01 June 2018, Sweetcrude, Lagos – Minister of States for Petroleum Resources, Dr. Ibe Kachikwu, has warned International Oil Companies, IOCs, against casualisation of Nigerian employees, saying it “contravenes the labour laws”.
The minister gave the warning during a live interview on Channels Television’s Sunrise Daily on Thursday.
According to him, any IOC found guilty of casualising its workers in the name of saving cost has run foul of the law.
“The duties of an employer and an employee are clearly stated in the labour law. So an employee is free to either employ or sack. But you are not allowed to leave someone hanging in the middle of a divide”.
Kachikwu added that government has already stepped into some of such cases, and is currently running a survey to enable it to give the challenge a better solution.
“Some cases have been brought to us which we have looked into. And while we found that some cases were justified, we also found that some of those cases were wrongfully meted out.
“We are currently running a survey of the oil industry to enable us see if the case of casualisation is truly rampant as said by union members. But at the end of the day, the labour laws of this country are very clear and we need to enforce it”, he said.
The Nigerian Labour Congress, NLC, had on May Day, blew hot over increasing casualisation and outsourcing of workers in Nigeria.
According to President of NLC, Comrade Ayuba Wabba, organised labour would no longer tolerate such indiscipline in the country.
Addressing workers and other guests in Abuja venue of the May Day celebration, Wabba lamented that: “According to a Report published by the Campaign for Democratic Workers Rights, 45 percent of the workforce in Nigeria operates as casual workers. Fifty percent of the burden of casualisation exists in the downstream oil and gas and banking sub-sectors of the economy and some other workplaces. Casual workers in our workforce operate under very precarious conditions with near total denial of the benefits associated with permanent and decent work. Nigerian workers can no longer offer their labour to slave drivers whose only interest is profit maximisation and capital mobility”.

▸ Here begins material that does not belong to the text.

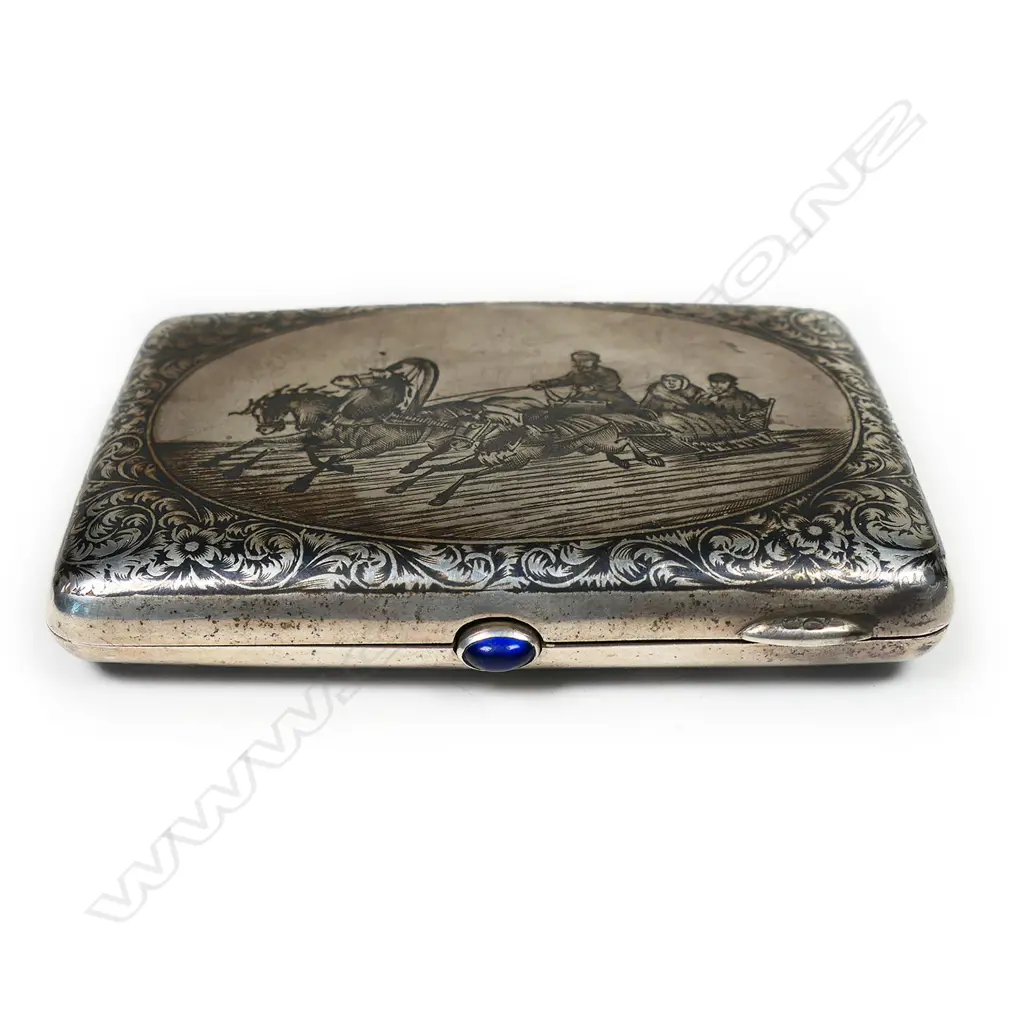 A 19thC Russian niello silver cigarette case - finely decorated with figures in horse drawn sliegh and leafy scrolls. Blue gem to the thumbpiece. Maker's mark for Pyotr Ambrosimov of Moscow 1869 - 1908. Image 1++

“Closely related to the trend of labour casualisation is the worrisome pattern of anti-unionisation posture by employers of labour in the public and private sectors. We wish to remind all employers that our laws allow all workers to exercise their freedom of association to belong to unions of their choice in line with the provisions of ILO Convention 87 and Section 40 of the 1999 Constitution of the Federal Republic of Nigeria. MTN is a major culprit in this regard. We warn offending employers that they should expect organised labour soon at their doorsteps as we will increase picketing activities against such roguish corporate entities. We will dare you! We shall win you!”, he said.